Heavy on-the-spot fines with the right folk employed full time to issue them?

We already have parking wardens for parking offences, surely it can't be that hard to implement a comprehensive country-wide system to deal with the problem properly? Government and councils need the extra money now more than ever, so what better way? With the mind-boggling state of litter and rubbish tipping a damn good income is assured, at least it should be at the outset. Why rely on volunteers to come in and clear up after the offenders?! It's the offenders themselves who need to be hit hard in the pocket for their selfish and anti-social behaviour. And preferably be sent off to clear up not just their own but other offenders' rubbish as an extra punishment.

Littering and fly tipping need to be treated as a very serious offence.
Until it is, and more resources are physically in place on the ground to actually catch people at it and enforce the law, then the problem will never go away or be reduced.

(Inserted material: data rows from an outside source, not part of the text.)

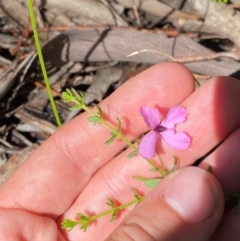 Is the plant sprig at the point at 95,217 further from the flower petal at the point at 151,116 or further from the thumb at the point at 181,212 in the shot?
the flower petal at the point at 151,116

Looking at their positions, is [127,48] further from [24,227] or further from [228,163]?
[24,227]

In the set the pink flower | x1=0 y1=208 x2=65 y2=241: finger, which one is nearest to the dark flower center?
the pink flower

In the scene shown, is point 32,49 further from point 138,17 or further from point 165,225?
point 165,225

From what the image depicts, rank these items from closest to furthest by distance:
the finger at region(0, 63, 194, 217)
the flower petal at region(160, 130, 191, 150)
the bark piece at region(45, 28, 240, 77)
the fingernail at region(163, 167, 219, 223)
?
the fingernail at region(163, 167, 219, 223) < the flower petal at region(160, 130, 191, 150) < the finger at region(0, 63, 194, 217) < the bark piece at region(45, 28, 240, 77)

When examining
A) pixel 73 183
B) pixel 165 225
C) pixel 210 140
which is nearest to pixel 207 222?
pixel 165 225

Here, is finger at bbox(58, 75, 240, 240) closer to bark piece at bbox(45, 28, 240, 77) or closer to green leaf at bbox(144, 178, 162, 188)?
green leaf at bbox(144, 178, 162, 188)

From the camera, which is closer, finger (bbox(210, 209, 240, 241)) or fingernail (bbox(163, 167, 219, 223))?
fingernail (bbox(163, 167, 219, 223))

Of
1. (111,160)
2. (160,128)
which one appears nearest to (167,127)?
(160,128)

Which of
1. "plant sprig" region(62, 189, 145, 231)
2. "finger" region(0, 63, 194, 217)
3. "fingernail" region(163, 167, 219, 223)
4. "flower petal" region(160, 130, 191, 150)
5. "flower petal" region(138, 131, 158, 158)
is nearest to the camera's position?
"fingernail" region(163, 167, 219, 223)
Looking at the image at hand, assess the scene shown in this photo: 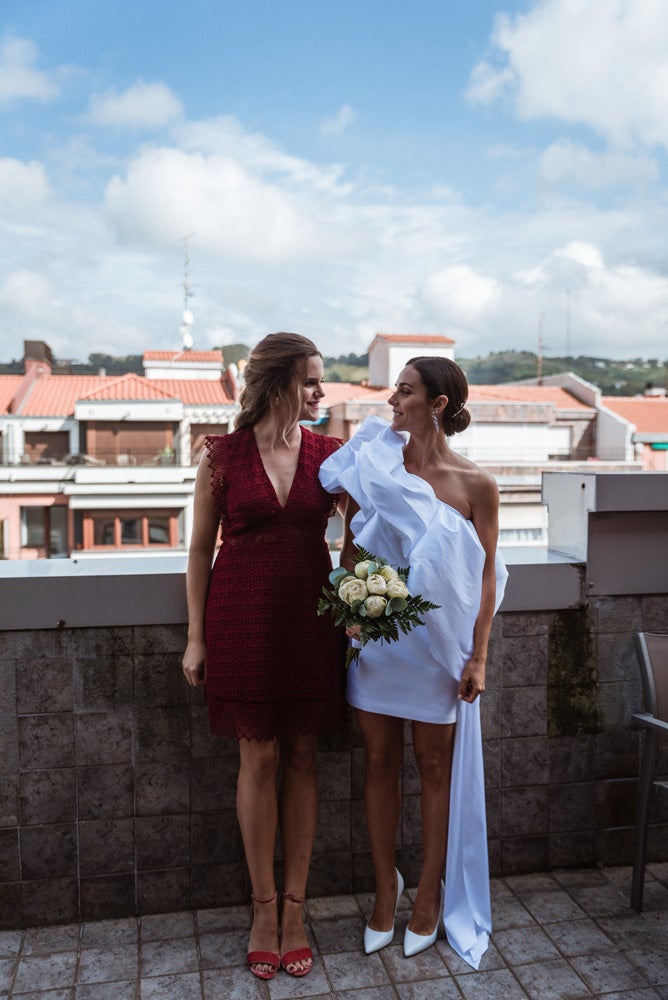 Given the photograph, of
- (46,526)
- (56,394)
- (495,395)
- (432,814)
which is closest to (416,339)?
(495,395)

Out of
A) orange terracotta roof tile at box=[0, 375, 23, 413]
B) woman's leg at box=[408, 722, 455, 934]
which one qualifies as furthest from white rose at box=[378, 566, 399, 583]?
orange terracotta roof tile at box=[0, 375, 23, 413]

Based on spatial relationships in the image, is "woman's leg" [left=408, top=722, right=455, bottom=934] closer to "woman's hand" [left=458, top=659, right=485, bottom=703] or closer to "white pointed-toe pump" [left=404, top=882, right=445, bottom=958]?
"white pointed-toe pump" [left=404, top=882, right=445, bottom=958]

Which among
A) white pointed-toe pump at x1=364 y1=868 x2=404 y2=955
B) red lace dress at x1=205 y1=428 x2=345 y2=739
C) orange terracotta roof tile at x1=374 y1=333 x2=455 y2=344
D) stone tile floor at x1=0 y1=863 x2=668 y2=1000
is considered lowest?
stone tile floor at x1=0 y1=863 x2=668 y2=1000

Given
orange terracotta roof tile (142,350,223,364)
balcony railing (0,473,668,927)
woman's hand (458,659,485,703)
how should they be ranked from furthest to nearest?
orange terracotta roof tile (142,350,223,364) < balcony railing (0,473,668,927) < woman's hand (458,659,485,703)

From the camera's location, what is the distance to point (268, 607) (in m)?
2.14

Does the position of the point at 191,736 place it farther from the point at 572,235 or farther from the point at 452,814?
the point at 572,235

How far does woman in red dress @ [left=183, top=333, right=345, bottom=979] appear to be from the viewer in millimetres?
2141

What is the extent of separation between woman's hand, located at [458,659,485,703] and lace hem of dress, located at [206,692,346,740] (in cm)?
35

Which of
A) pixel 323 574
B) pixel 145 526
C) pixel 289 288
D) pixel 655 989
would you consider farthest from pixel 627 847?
pixel 289 288

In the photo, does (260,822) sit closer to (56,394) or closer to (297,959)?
(297,959)

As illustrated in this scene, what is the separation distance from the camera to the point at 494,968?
86.6 inches

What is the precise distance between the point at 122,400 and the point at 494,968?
34.1 m

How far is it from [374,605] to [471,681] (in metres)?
0.48

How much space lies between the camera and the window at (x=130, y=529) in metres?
34.1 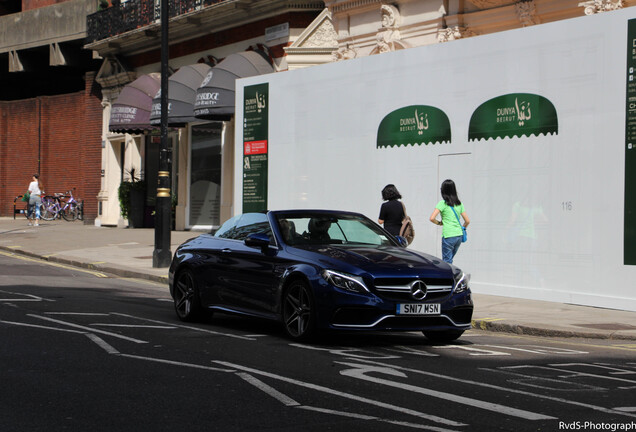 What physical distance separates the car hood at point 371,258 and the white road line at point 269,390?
2.02m

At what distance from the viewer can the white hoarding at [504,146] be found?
13.0 m

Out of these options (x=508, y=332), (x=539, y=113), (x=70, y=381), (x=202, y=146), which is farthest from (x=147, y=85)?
(x=70, y=381)

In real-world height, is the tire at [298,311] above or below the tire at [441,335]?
above

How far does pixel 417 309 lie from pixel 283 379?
215 centimetres

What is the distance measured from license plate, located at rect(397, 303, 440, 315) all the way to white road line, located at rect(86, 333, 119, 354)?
8.90 feet

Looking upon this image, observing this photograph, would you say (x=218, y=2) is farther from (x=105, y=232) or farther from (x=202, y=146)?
(x=105, y=232)

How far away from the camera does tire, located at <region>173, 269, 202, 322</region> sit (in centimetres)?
1087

PS - and EDUCATION is even more important! Though how you go about educating generations of ignorant adults who produce ignorant children, who produce ignorant grandchildren and so on ad infinitum, who knows? I guess you 'educate' them by fining them every time anything leaves their hands and hits the ground


----------



## Fisherman (Jul 16, 2020)

e


2cv said:


> Unfortunately there is much anti English sentiment in Scotland, even discussed today in the commons  Link



Sorry Bill, but I don’t agree with that comment.
Yes there are a small minority of morons up here.
But that’s what they are a small minority, and morons.
The vast majority of Scots even nationalists don’t think that way.
A few years back I was verbally abused in London because of my Scottish accent.
There are morons there as well, but the vast majority of people in England could not make me feel more welcome.
I think it’s important that we keep a true perspective on this.
Quite frankly I despise these idiots, wherever they come from, they give us all a bad name.


----------



## SquirrellCook (Jul 16, 2020)

2cv said:


> Unfortunately there is much anti English sentiment in Scotland, even discussed today in the commons Link


I don't expect there are many indigenous Scottish, remember the land clearances.


----------



## Fisherman (Jul 16, 2020)

SquirrellCook said:


> I don't expect there are many indigenous Scottish, remember the land clearances.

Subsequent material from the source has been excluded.